25

I have read some frameworks source code recently and noticed that they written the clear() method of a list-like data structure like this. Delete the elements one by one.

while (_arr.length > 0 )
{

    remove(_arr[0]);

}       

(maybe the above look like a little confusing,but it's because the native array type in this language itself was a dynamic array) or

 for (int i = 0; i < size; i++)
  { elementData[i] = null;}
 size = 0;

But i remembered i have written some code like this. The list decorated native array type,and I have written clear() method like this.

 _arr=new Array();
 _size=0;

instantiate a new native array type directly.

and this code are written in the language that has the garbage collection. so I think all elements finally will be collected,so why there need a loop?Is a new will be fast?

BlackCat
  • 449
  • 5
  • 16
  • sorry i don't writed the code clearly first time,all way set the size to 0 – BlackCat Aug 22 '17 at 10:40
  • out of curiosity - in which implementation did you find the `remove`-loop? – Hulk Aug 22 '17 at 10:41
  • a actionscript3 libray called flint – BlackCat Aug 22 '17 at 10:42
  • 1
    Related: [Why Was java.util.Arraylist#clear implemented the way it was in OpenJDK?](https://stackoverflow.com/questions/18232601/why-was-java-util-arraylistclear-implemented-the-way-it-was-in-openjdk) – jmehrens Aug 22 '17 at 15:58

6 Answers6

20

I guess the motivation is re-using the existing backing array instead of allocating a new one. This is important especially when the backing array is very large (which in some rare cases can even mean the new array cannot be allocated before the old one is garbage collected).

Allocating a new array (and garbage collecting the old one) is probably more time consuming than iterating over the existing array and setting the references of all the elements to null.

EDIT: As mentioned in the comments, setting the references to null in an array based List is not enough. You also have to indicate that the List is empty. In java.util.ArrayList this is done by setting the size property to 0.

Eran
  • 387,369
  • 54
  • 702
  • 768
  • Setting all the elements to null doesn't clear the collection. It only changes the element values. You have to change the size. Setting the elements to null is nice for garbage collection purposes, but it is neither necessary nor sufficient. – user207421 Aug 22 '17 at 10:24
  • @EJP Well, you also have to mark the collection as empty. For example, for ArrayList you set the size property to 0. – Eran Aug 22 '17 at 10:26
  • Exactly so. I don't see that in your answer. – user207421 Aug 22 '17 at 10:28
  • 1
    @EJP The question was about why the loop that sets the references to null was necessary, so I didn't feel it was necessary to mention the size property. – Eran Aug 22 '17 at 10:30
  • 1
    @Eran btw *for primitives* you are also paying the price for zeroing the array when allocating a new one; this adds to the total price – Eugene Aug 22 '17 at 11:55
  • 1
    @Eugene Do you mean for collections having primitive elements?

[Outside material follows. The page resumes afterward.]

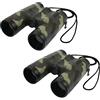 PENGY 2 x Telescopio Binoculare Obiettivo 4 x 31 mm Modello di Camouflage per bambini & Cordino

As far as I know there are no such collections in `java.util`. – Eran Aug 22 '17 at 11:59
  • 1
    @Eran no, I only meant *in general*; not directly related to this answer – Eugene Aug 22 '17 at 12:00
  • @Eugene Oh, I see. Thanks for the comment. – Eran Aug 22 '17 at 12:01
  • @Eran the `EDIT` is spot-on btw! `ArrayList#clear` does this too `for (int to = size, i = size = 0; i < to; i++) {es[i] = null;}` one plus – Eugene Aug 22 '17 at 12:09
  • "Allocating a new array (and garbage collecting the old one) is probably more time consuming than iterating over the existing array" how? – CodeYogi Aug 30 '17 at 20:19
7

In some contexts, it is more efficient to clear and reuse the backing array. (Obviously, you need a size field and you need to set that to zero when you clear the list!)

  • Clearing reduces the garbage generated when you empty the list.
  • If you grow the list incrementally (i.e. without a capacity hint), clearing also reduces garbage generated by reallocations.

But the flipside is that it isn't always a good idea to clear. For example;

  • If you call clear on a ArrayList, the size of the backing array remains the same size as it was when the list was full. If the list was very long, the array can be very big big. And if you never need the list to be that long again, the large array can waste a lot of space.

  • The GC has to check every cell in an ArrayList's backing array anyway, irrespective of the current value of the size field. And it needs to copy the entire array to the "to" space.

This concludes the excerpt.